**Task details**
For the entries that follow, count the lines containing the string "Blue" and write only the number.
(Records supplied Opens)
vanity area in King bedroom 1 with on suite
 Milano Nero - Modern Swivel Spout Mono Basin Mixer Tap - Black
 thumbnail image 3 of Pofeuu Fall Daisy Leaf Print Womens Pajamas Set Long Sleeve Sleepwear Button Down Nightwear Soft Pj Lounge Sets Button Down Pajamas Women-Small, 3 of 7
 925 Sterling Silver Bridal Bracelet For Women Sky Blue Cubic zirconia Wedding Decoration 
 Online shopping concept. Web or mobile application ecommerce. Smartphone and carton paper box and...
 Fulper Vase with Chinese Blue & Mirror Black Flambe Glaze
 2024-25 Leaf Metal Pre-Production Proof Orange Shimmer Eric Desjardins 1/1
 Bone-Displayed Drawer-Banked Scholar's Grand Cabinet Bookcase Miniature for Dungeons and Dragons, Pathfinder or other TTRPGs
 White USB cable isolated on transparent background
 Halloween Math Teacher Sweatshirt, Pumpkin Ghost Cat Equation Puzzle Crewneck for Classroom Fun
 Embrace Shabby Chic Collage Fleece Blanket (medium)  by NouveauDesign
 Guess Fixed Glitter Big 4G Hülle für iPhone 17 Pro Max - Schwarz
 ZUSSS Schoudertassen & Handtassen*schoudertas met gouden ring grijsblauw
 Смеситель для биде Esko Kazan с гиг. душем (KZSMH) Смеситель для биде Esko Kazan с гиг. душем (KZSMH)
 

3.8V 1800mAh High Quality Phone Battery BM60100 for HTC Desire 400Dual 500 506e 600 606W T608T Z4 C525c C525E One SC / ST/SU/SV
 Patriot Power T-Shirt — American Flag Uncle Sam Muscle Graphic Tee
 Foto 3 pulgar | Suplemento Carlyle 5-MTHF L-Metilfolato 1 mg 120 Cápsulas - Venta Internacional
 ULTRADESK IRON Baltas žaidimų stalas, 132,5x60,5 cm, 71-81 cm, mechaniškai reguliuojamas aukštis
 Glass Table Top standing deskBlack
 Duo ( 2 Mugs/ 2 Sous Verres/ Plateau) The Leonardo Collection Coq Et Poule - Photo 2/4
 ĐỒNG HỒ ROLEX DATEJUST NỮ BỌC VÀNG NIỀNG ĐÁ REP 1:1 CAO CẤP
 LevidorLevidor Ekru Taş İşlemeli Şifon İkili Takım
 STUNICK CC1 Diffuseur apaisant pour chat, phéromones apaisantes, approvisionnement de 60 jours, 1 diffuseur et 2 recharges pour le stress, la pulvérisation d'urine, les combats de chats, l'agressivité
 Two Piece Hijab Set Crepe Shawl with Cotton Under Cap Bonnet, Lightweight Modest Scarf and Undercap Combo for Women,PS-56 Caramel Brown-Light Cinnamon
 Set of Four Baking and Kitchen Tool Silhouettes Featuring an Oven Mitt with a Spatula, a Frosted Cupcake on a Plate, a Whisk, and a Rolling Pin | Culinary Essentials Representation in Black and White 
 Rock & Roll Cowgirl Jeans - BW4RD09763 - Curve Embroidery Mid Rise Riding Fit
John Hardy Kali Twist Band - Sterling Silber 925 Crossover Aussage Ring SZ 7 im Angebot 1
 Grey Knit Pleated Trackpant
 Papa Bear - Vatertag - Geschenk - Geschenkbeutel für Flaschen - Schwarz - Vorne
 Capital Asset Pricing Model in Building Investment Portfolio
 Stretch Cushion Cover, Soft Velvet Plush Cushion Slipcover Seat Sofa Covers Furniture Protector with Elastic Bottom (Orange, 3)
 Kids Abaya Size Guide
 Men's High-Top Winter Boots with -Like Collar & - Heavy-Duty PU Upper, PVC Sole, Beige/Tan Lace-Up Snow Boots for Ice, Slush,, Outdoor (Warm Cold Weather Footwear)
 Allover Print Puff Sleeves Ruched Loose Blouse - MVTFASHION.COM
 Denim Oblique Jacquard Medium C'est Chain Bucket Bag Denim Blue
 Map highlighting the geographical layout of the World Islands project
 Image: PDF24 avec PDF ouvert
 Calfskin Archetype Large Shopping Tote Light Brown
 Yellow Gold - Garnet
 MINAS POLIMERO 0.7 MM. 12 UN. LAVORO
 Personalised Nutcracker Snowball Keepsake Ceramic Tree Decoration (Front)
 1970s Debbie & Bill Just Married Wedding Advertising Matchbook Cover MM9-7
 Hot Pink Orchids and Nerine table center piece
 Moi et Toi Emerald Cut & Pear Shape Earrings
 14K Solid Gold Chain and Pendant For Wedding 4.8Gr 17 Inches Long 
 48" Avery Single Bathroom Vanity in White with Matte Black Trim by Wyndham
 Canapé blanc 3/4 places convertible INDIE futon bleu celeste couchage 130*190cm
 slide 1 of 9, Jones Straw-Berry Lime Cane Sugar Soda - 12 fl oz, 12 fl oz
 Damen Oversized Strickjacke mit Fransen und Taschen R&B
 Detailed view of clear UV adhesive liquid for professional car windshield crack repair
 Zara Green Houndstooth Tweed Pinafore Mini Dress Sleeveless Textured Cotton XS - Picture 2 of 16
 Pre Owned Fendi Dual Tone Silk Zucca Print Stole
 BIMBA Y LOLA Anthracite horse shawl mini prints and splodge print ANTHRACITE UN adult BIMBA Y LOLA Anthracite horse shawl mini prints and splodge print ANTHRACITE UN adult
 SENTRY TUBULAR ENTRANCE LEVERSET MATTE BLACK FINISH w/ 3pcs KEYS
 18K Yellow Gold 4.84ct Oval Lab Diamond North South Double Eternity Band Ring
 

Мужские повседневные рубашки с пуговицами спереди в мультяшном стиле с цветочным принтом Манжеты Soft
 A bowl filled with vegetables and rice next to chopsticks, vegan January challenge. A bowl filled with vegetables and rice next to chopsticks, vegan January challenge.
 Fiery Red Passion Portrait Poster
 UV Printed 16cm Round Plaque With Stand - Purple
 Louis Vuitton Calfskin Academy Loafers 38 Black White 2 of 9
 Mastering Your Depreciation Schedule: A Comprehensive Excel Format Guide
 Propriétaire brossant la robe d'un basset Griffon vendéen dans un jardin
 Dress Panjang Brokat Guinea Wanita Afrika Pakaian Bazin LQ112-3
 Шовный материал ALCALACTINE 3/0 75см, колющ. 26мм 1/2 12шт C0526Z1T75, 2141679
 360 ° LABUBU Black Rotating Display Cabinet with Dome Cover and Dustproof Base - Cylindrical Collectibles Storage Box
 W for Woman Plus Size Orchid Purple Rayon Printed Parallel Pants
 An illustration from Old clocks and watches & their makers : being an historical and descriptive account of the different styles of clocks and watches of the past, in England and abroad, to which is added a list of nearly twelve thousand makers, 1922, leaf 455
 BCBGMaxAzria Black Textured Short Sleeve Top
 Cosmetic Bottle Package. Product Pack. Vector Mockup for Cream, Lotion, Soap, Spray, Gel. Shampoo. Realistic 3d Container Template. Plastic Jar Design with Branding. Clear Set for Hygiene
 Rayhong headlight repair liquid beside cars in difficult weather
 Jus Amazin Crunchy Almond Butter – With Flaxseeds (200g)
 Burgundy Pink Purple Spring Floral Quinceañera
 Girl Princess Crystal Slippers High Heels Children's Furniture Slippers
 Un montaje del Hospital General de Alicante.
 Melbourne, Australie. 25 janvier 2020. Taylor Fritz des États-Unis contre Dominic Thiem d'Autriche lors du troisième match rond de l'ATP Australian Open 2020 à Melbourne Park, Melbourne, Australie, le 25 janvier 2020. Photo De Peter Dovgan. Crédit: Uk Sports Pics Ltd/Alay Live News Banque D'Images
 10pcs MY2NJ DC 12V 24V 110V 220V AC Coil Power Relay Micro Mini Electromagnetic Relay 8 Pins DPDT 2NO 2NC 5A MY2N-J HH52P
(Records supplied Closes)
**Exercise response**
3